Saga Pattern with aws-cdk, Lambda, and Step Functions

steps

The saga pattern is useful when you have transactions that require a bunch of steps to complete successfully, with failure of steps requiring associated rollback processes to run. This post will cover the saga pattern with aws-cdk, leveraging AWS Step Functions and Lambda.

If you need an introduction to the saga pattern in an easy to understand format, I found this GOTO conference session by Caitie McCaffrey very informative.

Another useful resource with regard to the saga pattern and AWS Step Functions is this post over at theburningmonk.com.

Saga Pattern with aws-cdk

I’ll be taking things one step further by automating the setup and deployment of a sample app which uses the saga pattern with aws-cdk.

I’ve started using aws-cdk fairly frequently, but realise it has the issue of vendor lock-in. I found it nice to work with in the case of step functions particularly in the way you construct step chains.

Saga Pattern with Step Functions

So here is the step function state machine you’ll create using the fairly simple saga pattern aws-cdk app I’ve set up.

saga pattern with aws-cdk - a successful transaction run
A successful transaction run

Above you see a successful transaction run, where all records are saved to a DynamoDB table entry.

dynamodb data from sample app using saga pattern with aws-cdk
The sample data written by a succesful transaction run.
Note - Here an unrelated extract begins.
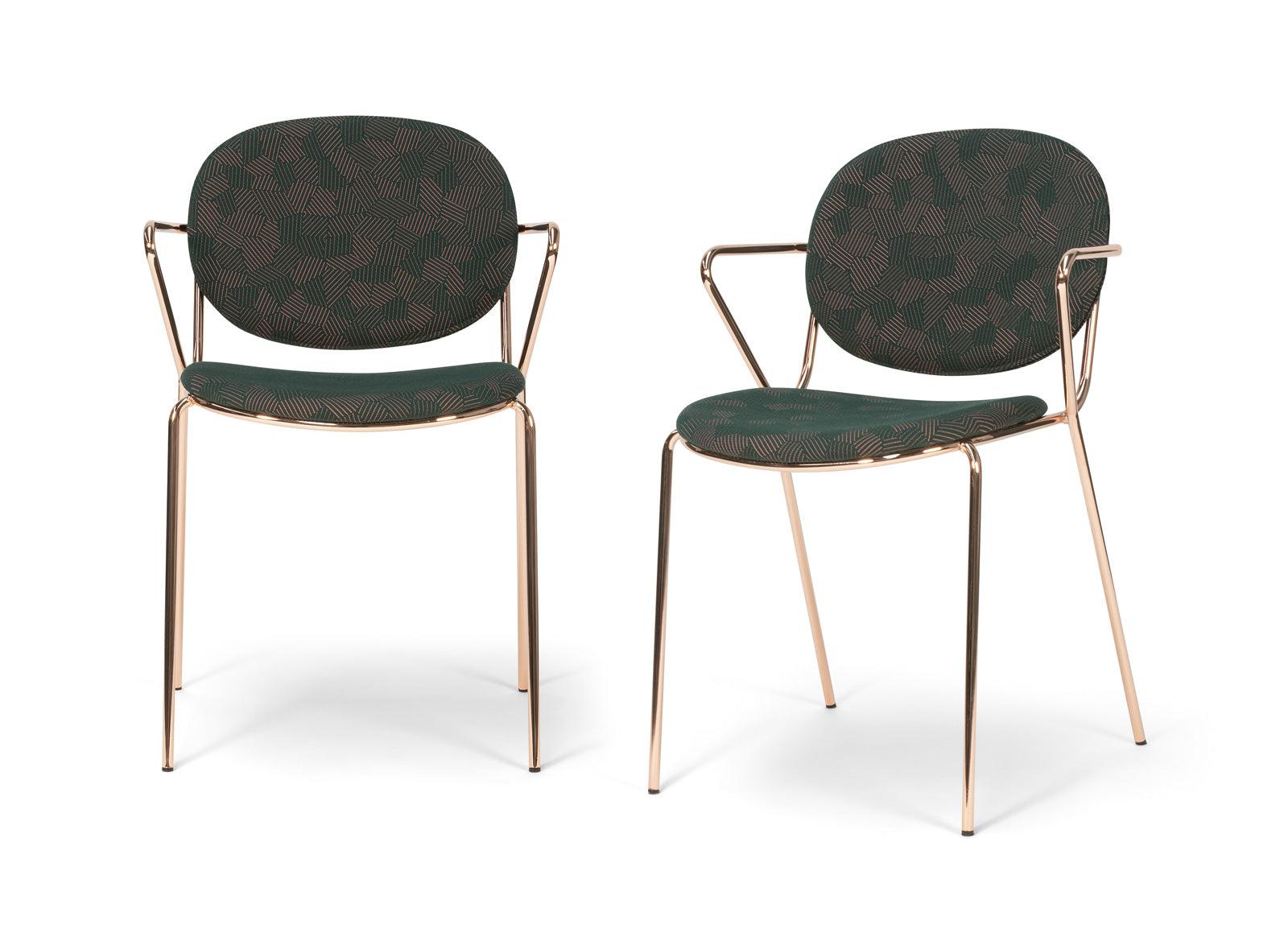 Papas 2-02 Armchair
Each step has a ‘Sample’ map entry with ‘Data’ and a timestamp.

If one of those steps were to fail, you need to manage the rollback process of your transaction from that step backwards.
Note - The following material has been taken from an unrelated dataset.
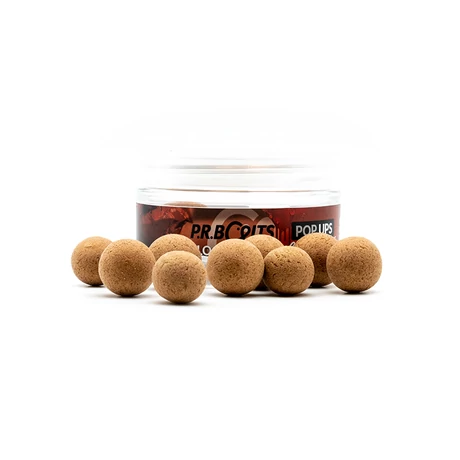 P.R. Baits bloody liver - special edition pop up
Illustrating Failure Rollback

As mentioned above, with the saga pattern you’ll want to rollback any steps that have run from the point of failure backward.

The example app has three steps:

  • Process Records
  • Transform Records
  • Commit Records

Each step is a simple lambda function that writes some data to a DynamoDB table with a primary partition key of TransactionId.

In the screenshot below, TransformRecords has a simulated failure, which causes the lambda function to throw an error.

A catch step is linked to each of the process steps to handle rollback for each of them. Above, TransformRecordsRollbackTask is run when TransformRecordsTask fails.

The rollback steps cascade backward to the first ‘business logic’ step ProcessRecordsTask. Any steps that have run up to that point will therefore have their associated rollback tasks run.

Here is what an entry looks like in DynamoDB if it failed:

A failed transaction has no written data, because the data written up to the point of failure was ‘rolled back’.

You’ll notice this one does not have the ‘Sample’ data that you see in the previously shown successful transaction. In reality, for a brief moment it does have that sample data. As each rollback step is run, the associated data for that step is removed from the table entry, resulting in the above entry for TransactionId 18.

Deploying the Sample Saga Pattern App with aws-cdk

Clone the source code for the saga pattern aws-cdk app here.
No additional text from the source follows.